Exercise prompt: Among the lines below, the one containing "Magnesium supplement tablet" opens the range and the one containing "A four-poster bed" closes it. Print that range exactly, without the pictures.

━━ Data for review

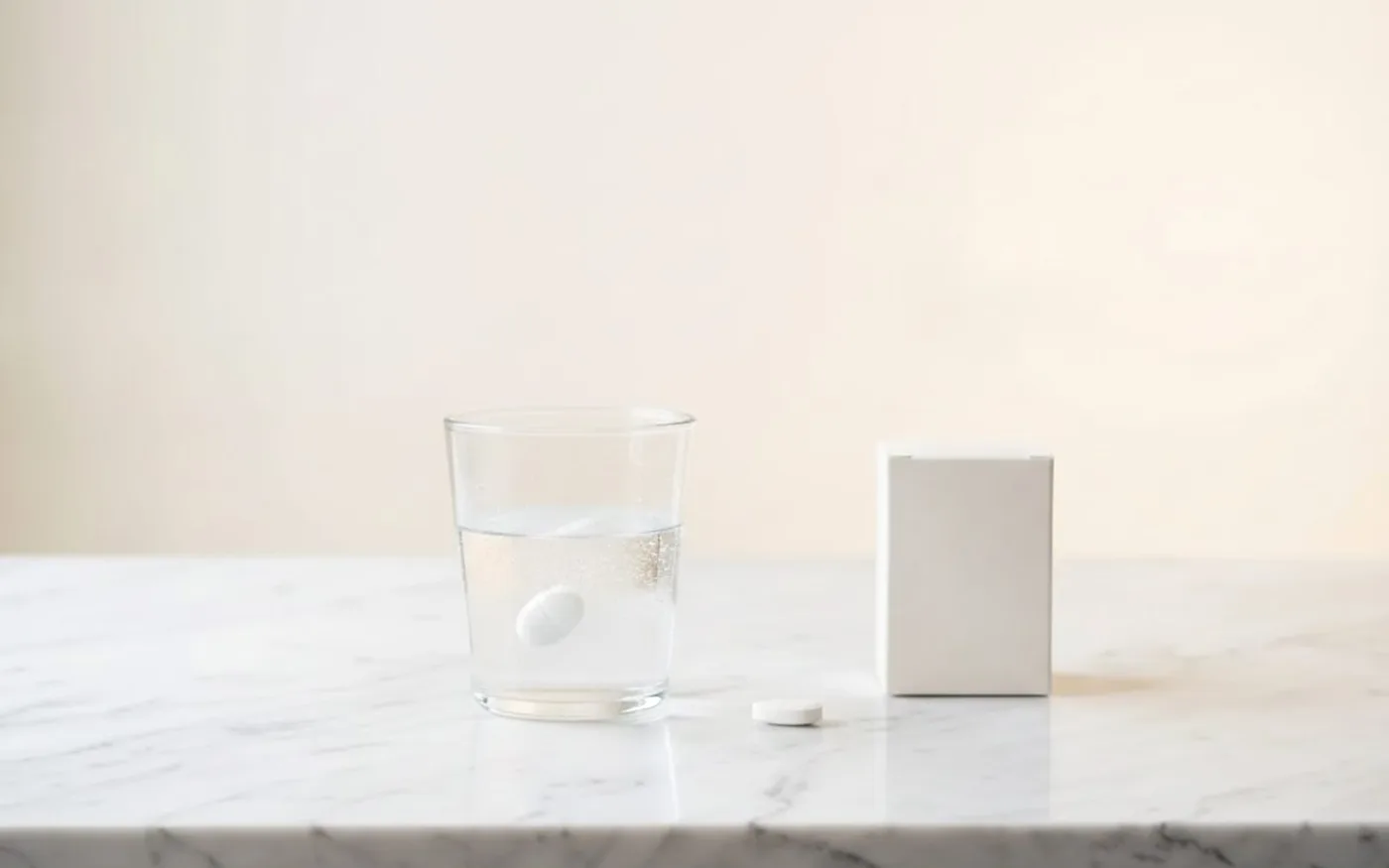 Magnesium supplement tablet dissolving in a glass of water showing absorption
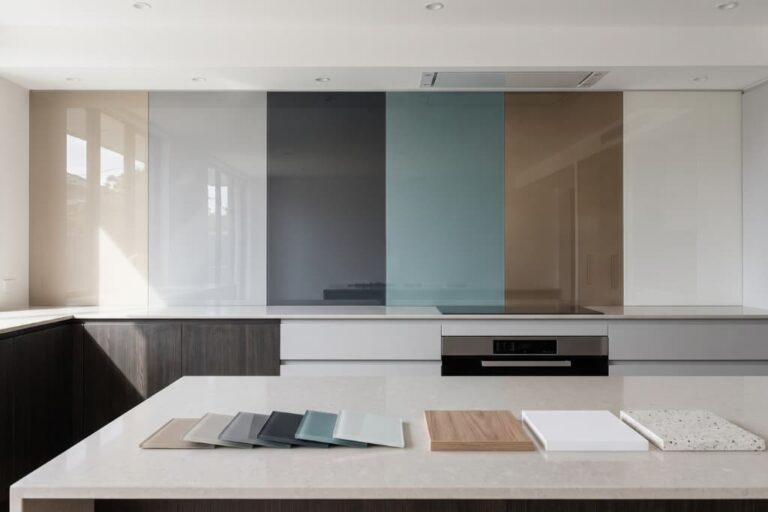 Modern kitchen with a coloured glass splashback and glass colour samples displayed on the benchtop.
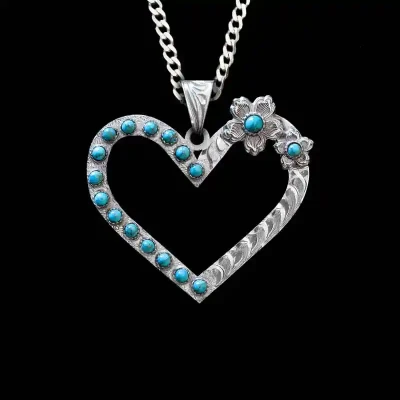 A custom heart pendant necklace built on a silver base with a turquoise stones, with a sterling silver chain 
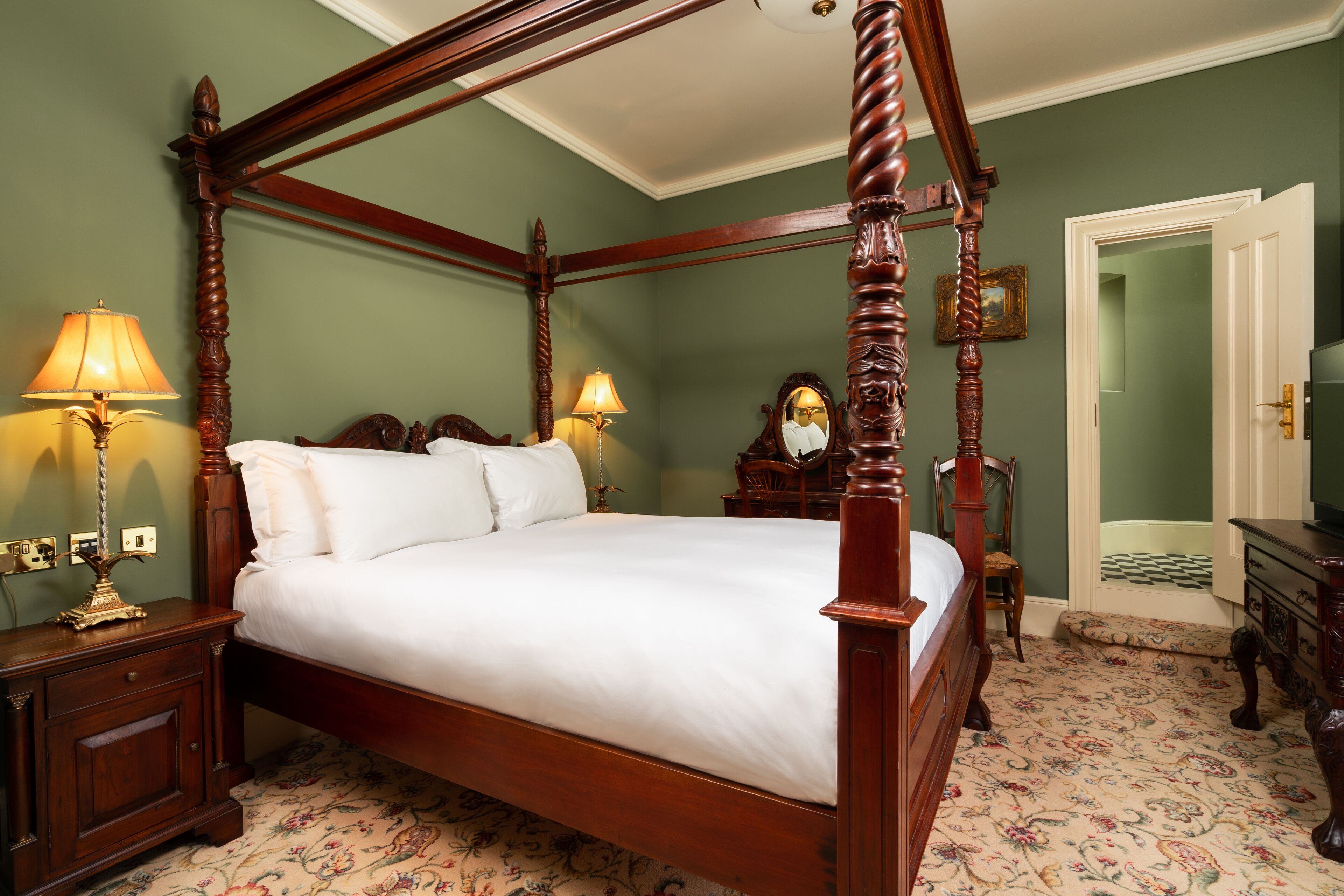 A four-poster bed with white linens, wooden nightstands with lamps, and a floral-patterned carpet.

━━━━
━━ Data for review

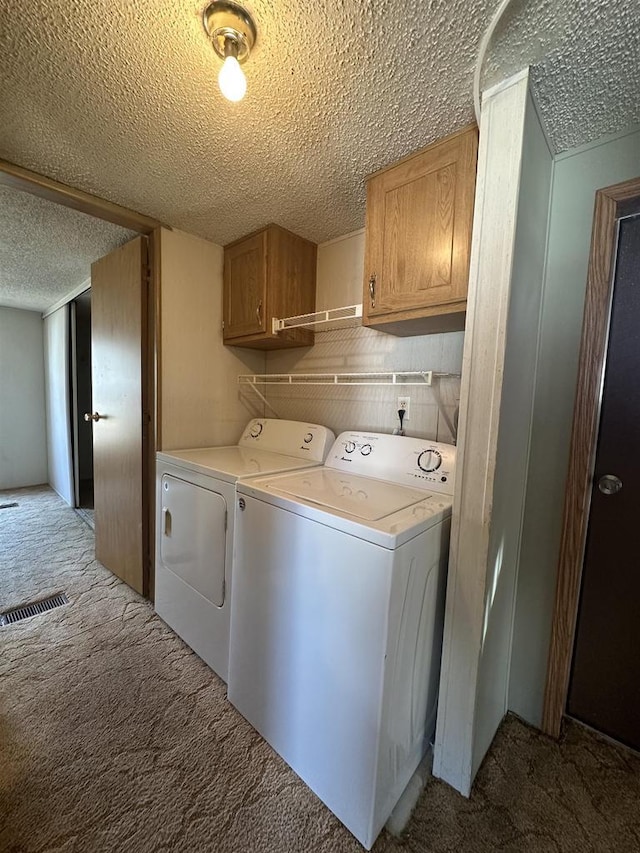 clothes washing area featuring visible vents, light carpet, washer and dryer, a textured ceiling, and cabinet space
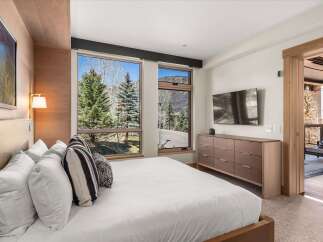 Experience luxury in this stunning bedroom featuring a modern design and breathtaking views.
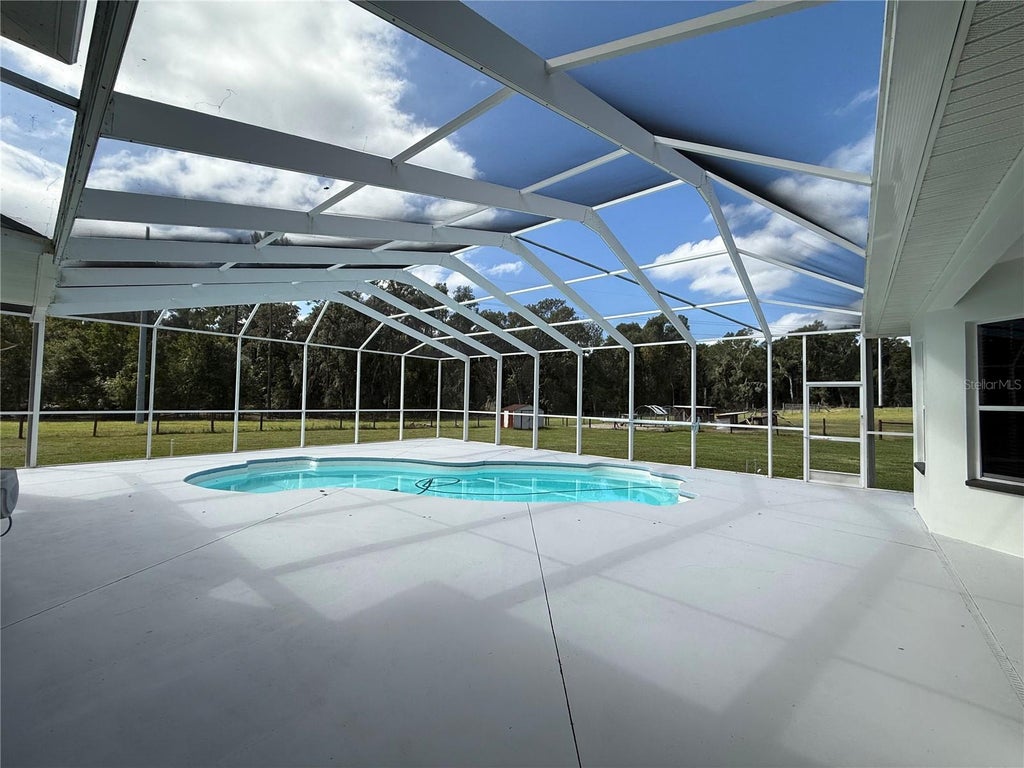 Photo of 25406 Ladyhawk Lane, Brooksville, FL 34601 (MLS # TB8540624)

━━━━
━━ Data for review

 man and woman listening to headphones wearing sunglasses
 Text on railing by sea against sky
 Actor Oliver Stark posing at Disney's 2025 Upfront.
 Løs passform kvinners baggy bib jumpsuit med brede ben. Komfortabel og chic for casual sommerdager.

━━━━

Task answer:
 Magnesium supplement tablet dissolving in a glass of water showing absorption
 Modern kitchen with a coloured glass splashback and glass colour samples displayed on the benchtop.
 A custom heart pendant necklace built on a silver base with a turquoise stones, with a sterling silver chain 
 A four-poster bed with white linens, wooden nightstands with lamps, and a floral-patterned carpet.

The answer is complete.